Science
Researchers Developed Shape-Shifting Kirigami Balloon – Interesting Engineering
The kirigami balloon from Harvard may also advance space exploration and surgical devices.

When we think of balloons, we think of red ones rising into blue skies, or clowns folding long balloons into animals for kids. But these may be joined by a new shape-shifting balloon device inspired by the Japanese paper-cutting art of kirigami, according to a new study recently published in the journal Advanced Materials.
This is significant because shape-shifting balloons go beyond party tricks — and might bring advancements in medical tools, soft robotics, and other fields.
RELATED: MATHEMATICS APPLIED TO KIRIGAMI TO MAKE SHAPESHIFTING SHEETS
Kirigami art has scientific bases
In recent years, scientists have increasingly drawn inspiration from kirigami — similar in form to origami.
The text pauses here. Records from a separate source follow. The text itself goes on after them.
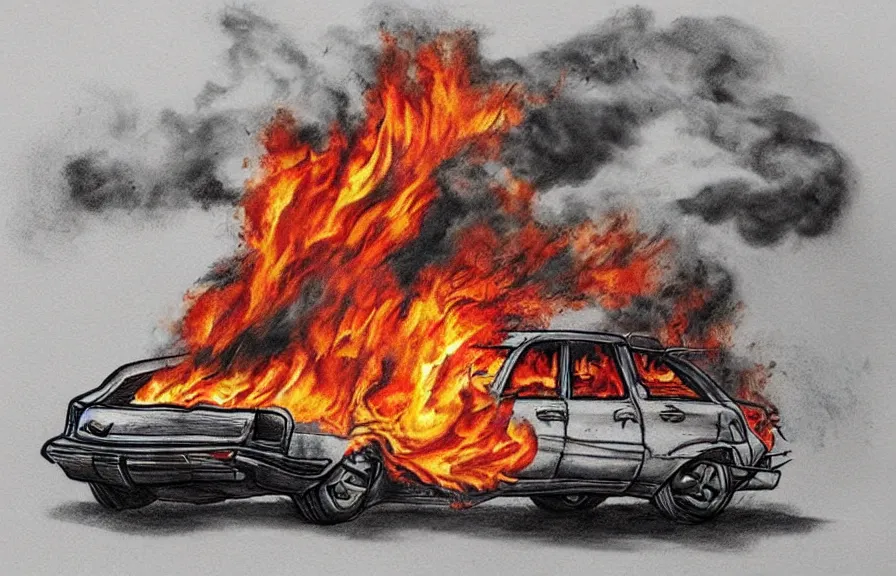 Prompt: car on fire, tattoo design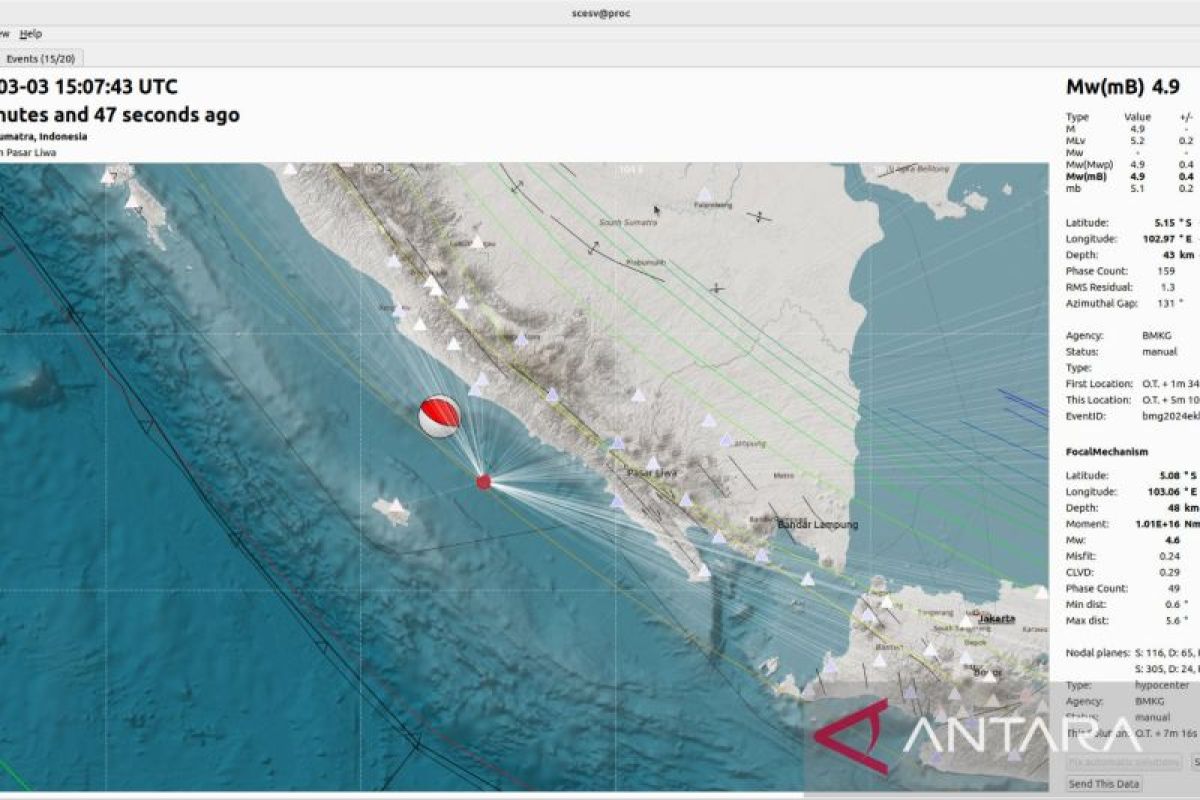 Gempa magnitudo 5,1 di Bengkulu dirasakan hingga Sumsel dan Lampung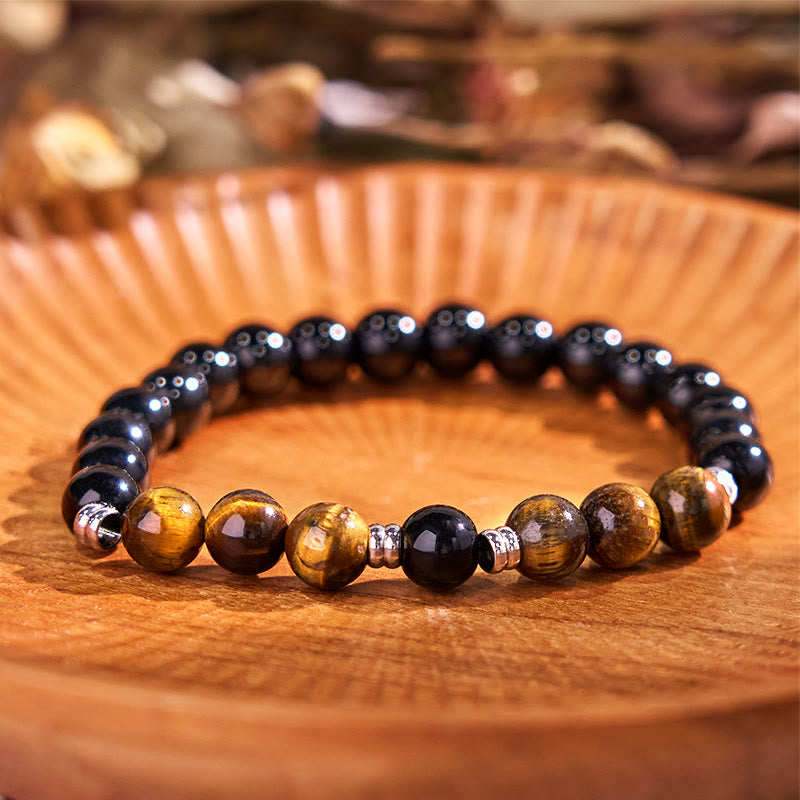 Ensemble de 2 bracelets puissants en hématite et œil de tigre bleu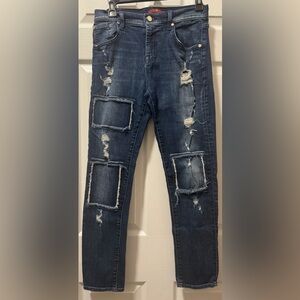 7 For All Mankind Dark Blue Denim Jeans with Red Brand Tag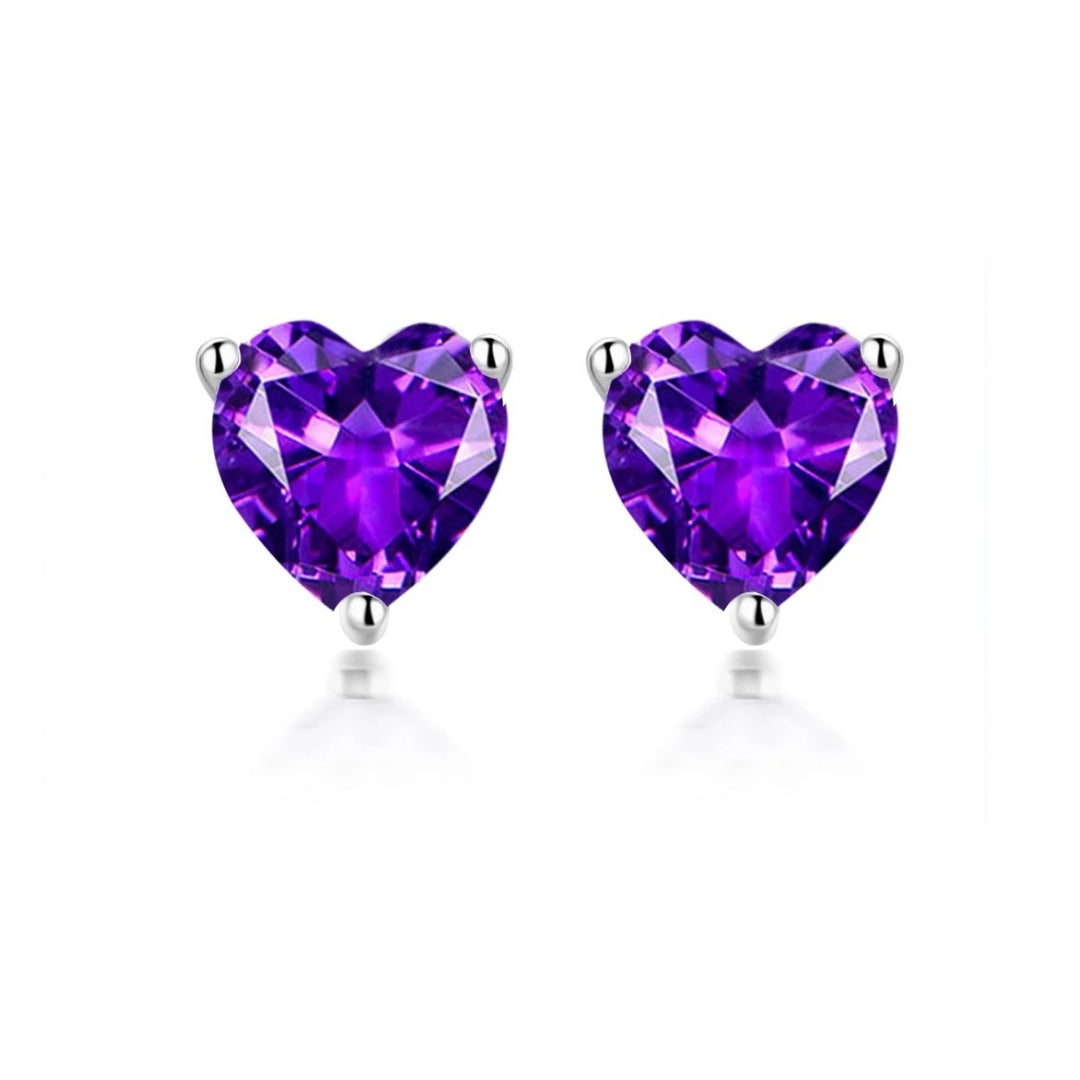 Loveburst sterling silver heart stud earrings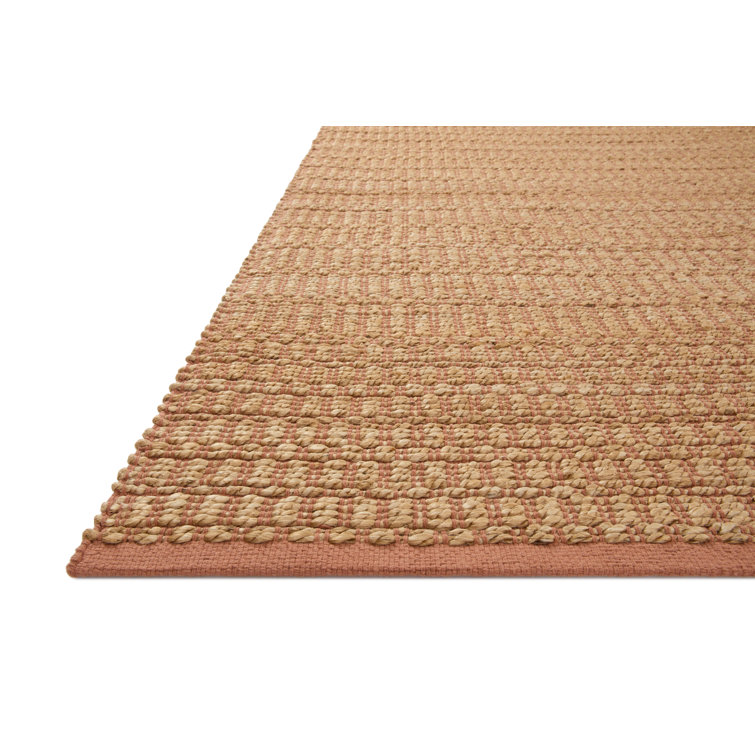 Handmade Natural Clay Geometric Cotton Area Rug 5' x 7'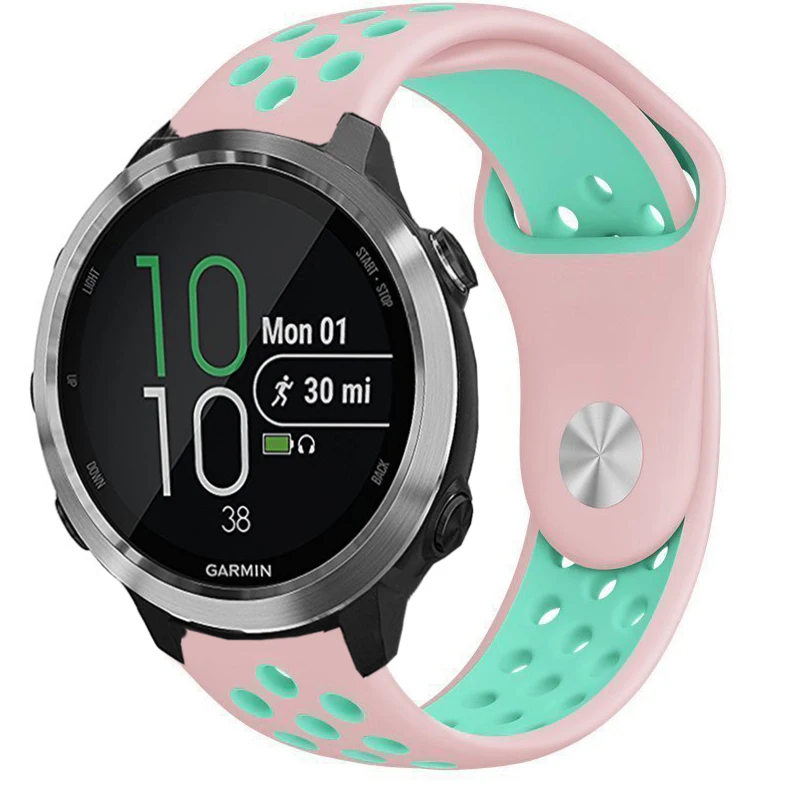 Цветной мягкий силиконовый ремешок для часов Garmin Forerunner 645 Vivoactive3 3 Vivomove HR Смарт-часы сменный Браслет - Цвет: pink green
In the latter, scientists cut and fold paper to develop applications ranging from soft robotics machines to slip-proof shoes.
A team of researchers from the Harvard John A. Paulson School of Engineering and Applied Sciences (SEAS) designed the balloon device that morphs into pre-programmed shapes.
They based their system on kirigami sheets embedded into the inflatable device, and when it expands, the cuts within the kirigami guide its growth, expanding some areas and constricting others.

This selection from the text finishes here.